>>>>>

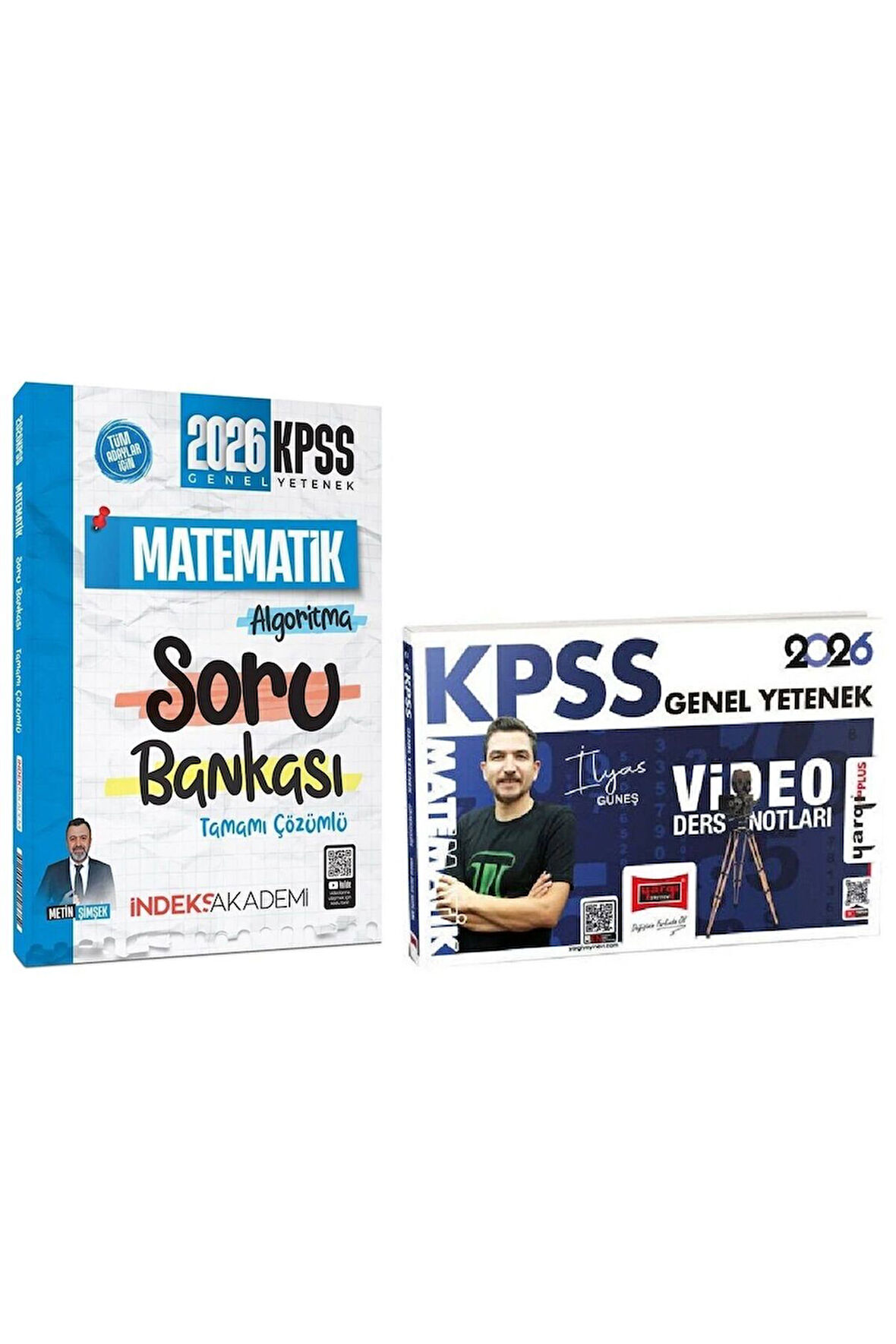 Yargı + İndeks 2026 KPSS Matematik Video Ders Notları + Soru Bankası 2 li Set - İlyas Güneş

<<<<<
>>>>>

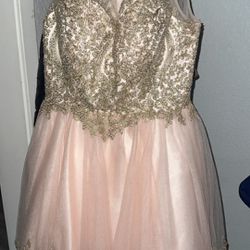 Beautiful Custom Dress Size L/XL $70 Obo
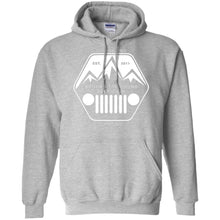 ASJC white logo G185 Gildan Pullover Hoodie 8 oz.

<<<<<

### [DESCRIPTION OF THE TASK]
I would like the exact lines from the data above, starting with the one that holds "Beautiful Custom Dress Size L/XL $70 Obo" and going on through the one that holds "ASJC white logo", without the pictures.

### [EXERCISE RESULT]
 Beautiful Custom Dress Size L/XL $70 Obo
 ASJC white logo G185 Gildan Pullover Hoodie 8 oz.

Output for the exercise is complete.